New Benchmark for On-Device AI Released
Salesforce AI Research has developed MobileAIBench, a new benchmarking suite for systematically evaluating large language and multimodal models on consumer hardware. The suite tests model performance on metrics like latency, power consumption, and accuracy for tasks involving text, images, and speech. The results are intended to help developers understand the trade-offs between cloud-based performance and the privacy and speed of local, on-device inference.

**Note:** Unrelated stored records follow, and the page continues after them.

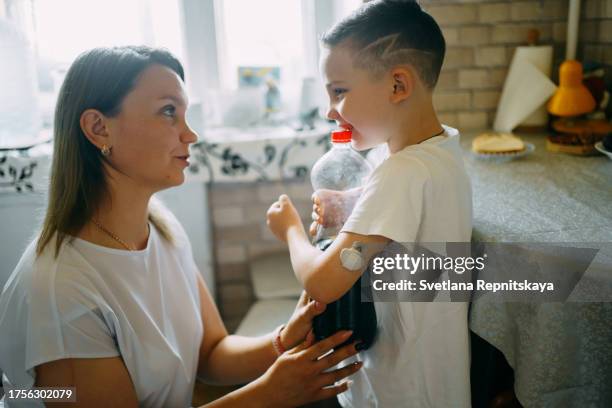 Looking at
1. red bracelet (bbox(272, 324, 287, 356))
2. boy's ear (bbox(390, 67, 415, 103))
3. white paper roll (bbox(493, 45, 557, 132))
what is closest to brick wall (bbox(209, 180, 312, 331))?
white paper roll (bbox(493, 45, 557, 132))

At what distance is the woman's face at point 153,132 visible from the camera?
104cm

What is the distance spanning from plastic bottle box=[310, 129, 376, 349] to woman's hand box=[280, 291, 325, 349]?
2cm

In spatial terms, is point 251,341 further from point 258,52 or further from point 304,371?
point 258,52

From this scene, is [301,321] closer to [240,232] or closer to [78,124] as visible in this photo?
[78,124]

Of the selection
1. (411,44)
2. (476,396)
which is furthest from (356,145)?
(476,396)

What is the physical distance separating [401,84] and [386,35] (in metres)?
0.08

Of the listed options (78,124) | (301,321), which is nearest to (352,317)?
(301,321)

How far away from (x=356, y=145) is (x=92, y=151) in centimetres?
51

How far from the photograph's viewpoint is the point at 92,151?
1.07 metres

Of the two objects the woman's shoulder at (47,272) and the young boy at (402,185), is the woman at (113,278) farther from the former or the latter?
the young boy at (402,185)

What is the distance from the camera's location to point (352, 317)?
3.10 ft

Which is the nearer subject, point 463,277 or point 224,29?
point 463,277

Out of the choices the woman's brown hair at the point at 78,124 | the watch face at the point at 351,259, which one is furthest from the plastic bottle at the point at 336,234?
the woman's brown hair at the point at 78,124

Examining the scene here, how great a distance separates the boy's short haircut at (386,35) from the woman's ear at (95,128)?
0.45 m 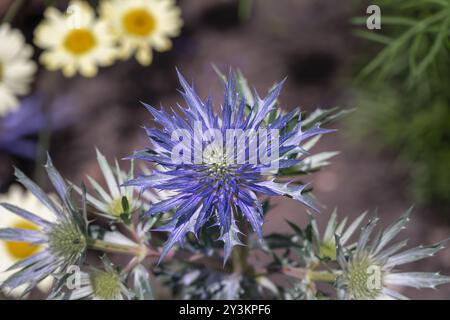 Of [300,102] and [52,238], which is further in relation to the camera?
[300,102]

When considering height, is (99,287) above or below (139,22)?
below

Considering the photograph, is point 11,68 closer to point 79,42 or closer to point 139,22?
point 79,42

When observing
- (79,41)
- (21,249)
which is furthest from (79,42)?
(21,249)

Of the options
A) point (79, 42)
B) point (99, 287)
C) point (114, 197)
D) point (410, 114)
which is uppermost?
point (79, 42)

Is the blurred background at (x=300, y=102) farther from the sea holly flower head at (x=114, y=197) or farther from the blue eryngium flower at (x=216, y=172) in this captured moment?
the blue eryngium flower at (x=216, y=172)

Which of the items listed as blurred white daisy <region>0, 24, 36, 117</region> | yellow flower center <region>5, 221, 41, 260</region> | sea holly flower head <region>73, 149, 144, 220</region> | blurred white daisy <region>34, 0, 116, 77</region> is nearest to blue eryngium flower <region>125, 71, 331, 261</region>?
sea holly flower head <region>73, 149, 144, 220</region> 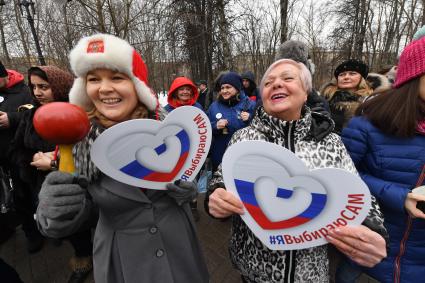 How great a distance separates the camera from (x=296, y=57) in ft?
8.90

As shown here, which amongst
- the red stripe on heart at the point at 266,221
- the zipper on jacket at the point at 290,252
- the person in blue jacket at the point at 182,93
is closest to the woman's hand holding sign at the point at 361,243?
the red stripe on heart at the point at 266,221

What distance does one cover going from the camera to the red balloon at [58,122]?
889 mm

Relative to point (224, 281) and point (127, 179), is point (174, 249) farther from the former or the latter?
point (224, 281)

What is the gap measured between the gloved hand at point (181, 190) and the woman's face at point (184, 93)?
257cm

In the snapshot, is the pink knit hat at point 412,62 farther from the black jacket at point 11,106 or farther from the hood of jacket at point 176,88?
the black jacket at point 11,106

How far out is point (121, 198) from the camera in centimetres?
123

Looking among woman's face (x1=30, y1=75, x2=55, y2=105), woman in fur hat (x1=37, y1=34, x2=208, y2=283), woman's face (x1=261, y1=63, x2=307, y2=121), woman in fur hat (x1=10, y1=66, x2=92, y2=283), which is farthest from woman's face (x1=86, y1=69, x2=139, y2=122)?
woman's face (x1=30, y1=75, x2=55, y2=105)

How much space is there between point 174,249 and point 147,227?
0.22m

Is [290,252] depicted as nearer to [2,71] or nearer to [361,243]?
[361,243]

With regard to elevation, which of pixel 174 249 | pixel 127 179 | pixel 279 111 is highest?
pixel 279 111

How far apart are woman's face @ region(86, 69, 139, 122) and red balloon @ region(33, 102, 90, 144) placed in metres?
0.26

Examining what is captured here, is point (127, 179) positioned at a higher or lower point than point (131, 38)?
lower

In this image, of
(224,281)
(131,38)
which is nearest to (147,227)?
(224,281)

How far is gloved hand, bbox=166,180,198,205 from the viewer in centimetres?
129
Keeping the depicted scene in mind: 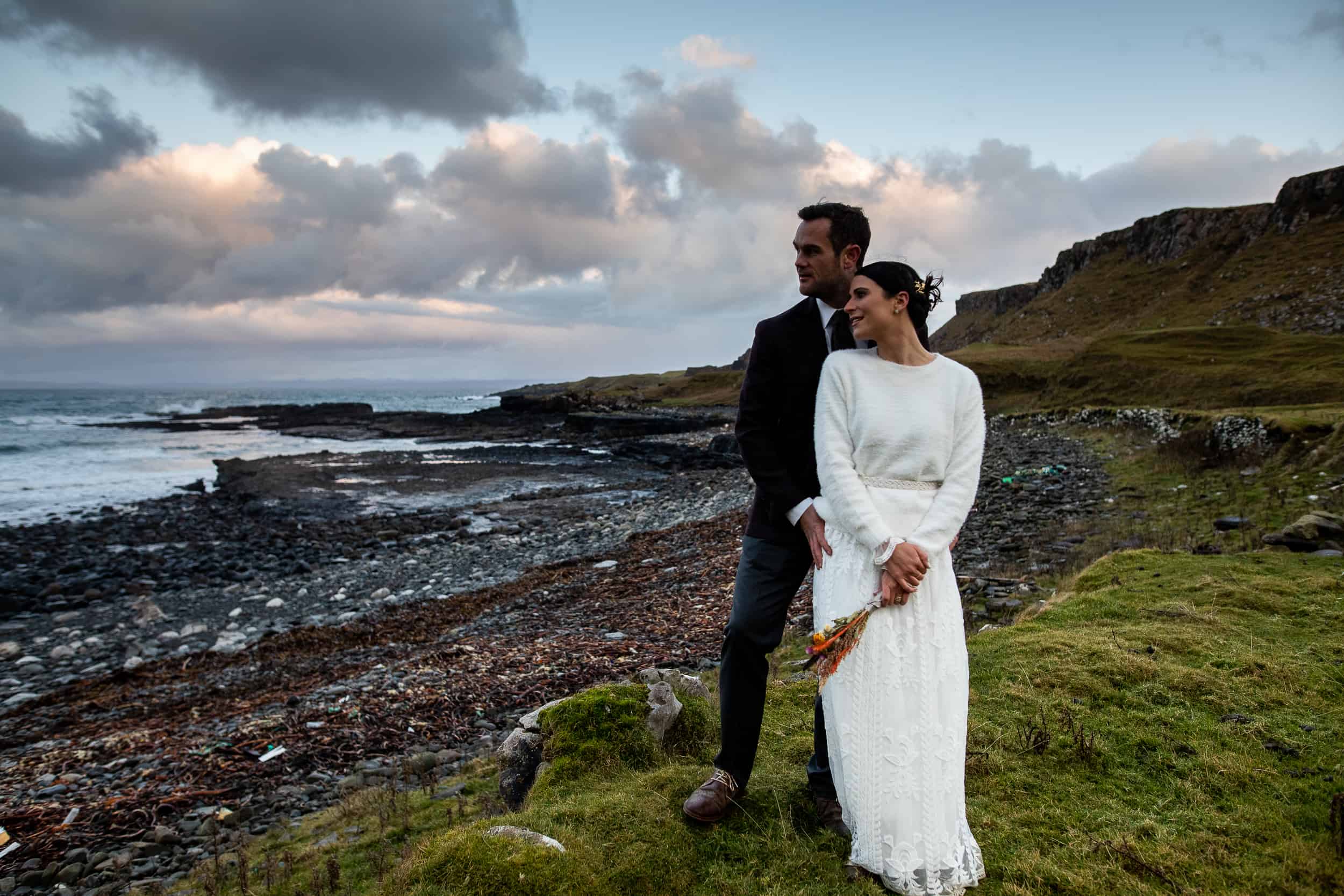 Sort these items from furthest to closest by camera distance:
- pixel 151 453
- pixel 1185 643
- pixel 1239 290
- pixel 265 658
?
1. pixel 1239 290
2. pixel 151 453
3. pixel 265 658
4. pixel 1185 643

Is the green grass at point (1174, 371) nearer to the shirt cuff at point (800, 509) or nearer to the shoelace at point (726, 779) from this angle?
the shirt cuff at point (800, 509)

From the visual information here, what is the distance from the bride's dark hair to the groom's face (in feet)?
0.42

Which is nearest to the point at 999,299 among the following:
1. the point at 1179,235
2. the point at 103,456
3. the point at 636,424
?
the point at 1179,235

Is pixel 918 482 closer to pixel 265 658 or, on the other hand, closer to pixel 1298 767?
pixel 1298 767

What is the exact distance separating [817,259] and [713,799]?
290 cm

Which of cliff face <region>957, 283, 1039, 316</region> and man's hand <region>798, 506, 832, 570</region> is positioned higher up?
cliff face <region>957, 283, 1039, 316</region>

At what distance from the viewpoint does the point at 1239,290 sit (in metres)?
77.8

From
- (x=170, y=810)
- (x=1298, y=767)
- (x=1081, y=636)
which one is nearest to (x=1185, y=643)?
(x=1081, y=636)

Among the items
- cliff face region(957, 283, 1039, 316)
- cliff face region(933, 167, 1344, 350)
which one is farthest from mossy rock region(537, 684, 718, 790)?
cliff face region(957, 283, 1039, 316)

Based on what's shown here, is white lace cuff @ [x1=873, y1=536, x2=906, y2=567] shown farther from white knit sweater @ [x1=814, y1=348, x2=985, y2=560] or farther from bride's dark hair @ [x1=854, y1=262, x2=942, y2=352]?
bride's dark hair @ [x1=854, y1=262, x2=942, y2=352]

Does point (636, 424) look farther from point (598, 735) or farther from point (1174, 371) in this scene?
point (598, 735)

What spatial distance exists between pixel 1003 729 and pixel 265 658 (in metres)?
10.5

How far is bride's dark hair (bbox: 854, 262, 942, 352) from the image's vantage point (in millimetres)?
3197

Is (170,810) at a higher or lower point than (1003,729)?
lower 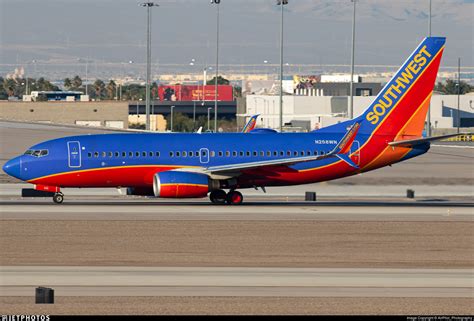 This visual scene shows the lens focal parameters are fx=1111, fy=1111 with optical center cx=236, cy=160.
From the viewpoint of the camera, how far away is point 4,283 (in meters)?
31.6

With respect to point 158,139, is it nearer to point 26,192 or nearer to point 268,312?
point 26,192

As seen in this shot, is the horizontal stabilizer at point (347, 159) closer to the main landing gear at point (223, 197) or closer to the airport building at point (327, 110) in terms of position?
the main landing gear at point (223, 197)

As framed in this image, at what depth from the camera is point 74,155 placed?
5594 centimetres

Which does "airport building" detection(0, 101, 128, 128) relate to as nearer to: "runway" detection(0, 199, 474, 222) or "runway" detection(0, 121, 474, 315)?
"runway" detection(0, 121, 474, 315)

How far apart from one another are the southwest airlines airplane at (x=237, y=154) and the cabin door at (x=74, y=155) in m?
0.05

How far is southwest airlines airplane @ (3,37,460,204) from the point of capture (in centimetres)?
5588

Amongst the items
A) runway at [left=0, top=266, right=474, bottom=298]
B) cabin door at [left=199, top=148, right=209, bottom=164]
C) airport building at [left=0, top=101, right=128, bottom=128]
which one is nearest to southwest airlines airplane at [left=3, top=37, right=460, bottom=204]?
cabin door at [left=199, top=148, right=209, bottom=164]

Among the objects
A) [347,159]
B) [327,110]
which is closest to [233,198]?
[347,159]

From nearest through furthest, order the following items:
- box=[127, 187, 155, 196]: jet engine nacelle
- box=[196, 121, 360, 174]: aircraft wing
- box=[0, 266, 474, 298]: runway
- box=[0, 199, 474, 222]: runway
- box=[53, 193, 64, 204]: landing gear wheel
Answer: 1. box=[0, 266, 474, 298]: runway
2. box=[0, 199, 474, 222]: runway
3. box=[196, 121, 360, 174]: aircraft wing
4. box=[53, 193, 64, 204]: landing gear wheel
5. box=[127, 187, 155, 196]: jet engine nacelle

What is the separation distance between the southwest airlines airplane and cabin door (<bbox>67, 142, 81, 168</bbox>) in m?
0.05

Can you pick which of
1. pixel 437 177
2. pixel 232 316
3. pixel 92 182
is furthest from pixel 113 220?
pixel 437 177

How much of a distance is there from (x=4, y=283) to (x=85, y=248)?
8220 millimetres

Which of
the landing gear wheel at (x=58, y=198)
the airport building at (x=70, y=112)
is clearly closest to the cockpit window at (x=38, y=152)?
the landing gear wheel at (x=58, y=198)

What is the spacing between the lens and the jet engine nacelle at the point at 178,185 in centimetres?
5434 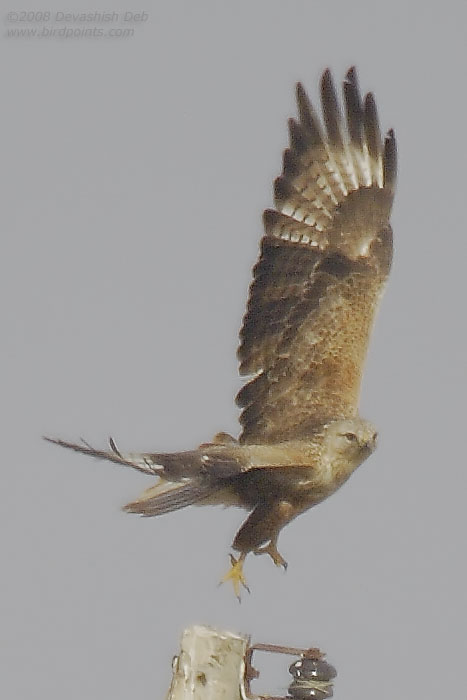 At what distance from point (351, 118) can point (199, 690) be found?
4.05m

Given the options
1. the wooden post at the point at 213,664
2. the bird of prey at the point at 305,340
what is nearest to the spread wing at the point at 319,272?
the bird of prey at the point at 305,340

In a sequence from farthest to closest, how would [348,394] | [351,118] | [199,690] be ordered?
[351,118] → [348,394] → [199,690]

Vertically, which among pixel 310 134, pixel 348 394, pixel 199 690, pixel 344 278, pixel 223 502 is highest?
pixel 310 134

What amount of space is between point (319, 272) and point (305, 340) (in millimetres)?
459

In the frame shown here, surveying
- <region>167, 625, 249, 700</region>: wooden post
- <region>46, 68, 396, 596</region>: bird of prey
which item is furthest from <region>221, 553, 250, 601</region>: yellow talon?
<region>167, 625, 249, 700</region>: wooden post

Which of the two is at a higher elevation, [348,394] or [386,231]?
[386,231]

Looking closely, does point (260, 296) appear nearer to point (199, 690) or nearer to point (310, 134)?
point (310, 134)

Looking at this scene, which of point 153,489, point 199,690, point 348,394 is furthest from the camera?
point 348,394

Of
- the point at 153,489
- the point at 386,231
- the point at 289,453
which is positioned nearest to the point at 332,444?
the point at 289,453

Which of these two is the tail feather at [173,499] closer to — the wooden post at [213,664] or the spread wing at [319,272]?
the spread wing at [319,272]

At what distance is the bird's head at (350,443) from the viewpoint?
8.84 metres

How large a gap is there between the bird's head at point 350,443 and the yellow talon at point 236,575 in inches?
26.1

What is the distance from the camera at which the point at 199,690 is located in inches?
277

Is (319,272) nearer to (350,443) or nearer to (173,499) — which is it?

- MobileAIBench is the first open-source framework designed specifically for testing the task-specific performance of large language and multimodal models on mobile devices. It consists of a desktop evaluation library and an iOS app for measuring latency and hardware utilization on a real iPhone. - The benchmark's on-device testing was conducted on an iPhone 14, measuring metrics like CPU and RAM usage, battery drain, and time-to-first-token. This focus on real-world hardware provides developers with practical insights into how models will perform in users' hands. - A key finding from the research is that while quantization is effective at reducing model size, extreme quantization to 3-bits can lead to a significant drop in accuracy without a corresponding improvement in inference latency. For multimodal models, performance generally remains consistent until the 3-bit quantization level, with some models like Moondream2 showing surprising robustness. - The research highlights a clear trade-off between a model's accuracy and its disk usage, with a linear trend showing that higher accuracy generally correlates with larger model sizes. The benchmark helps developers identify models that offer the best balance of performance and size for their specific needs. - While other benchmarks like MLPerf Mobile evaluate the performance of mobile AI, MobileAIBench is unique in its focus on the impact of quantization on task-specific accuracy and its comprehensive analysis of both performance and resource consumption on real devices. - The project is led by researchers at Salesforce AI Research, including Silvio Savarese, an Executive VP and Chief Scientist at Salesforce. This work is part of Salesforce's broader strategy to advance AI and empower developers with the tools needed to build the next generation of AI-powered CRM applications. - For engineers interested in the practical application of AI, MobileAIBench provides reproducible evaluations for a range of open-source models, including TinyLLaMA, Phi-2, Gemma, and StableLM-Zephyr. This allows developers to assess the viability of these models for their own on-device applications. - The development of MobileAIBench underscores the growing importance of on-device AI for enhancing user privacy, enabling offline functionality, and improving application responsiveness. As the field of AI continues to evolve, we can expect to see a greater emphasis on optimizing models for resource-constrained environments.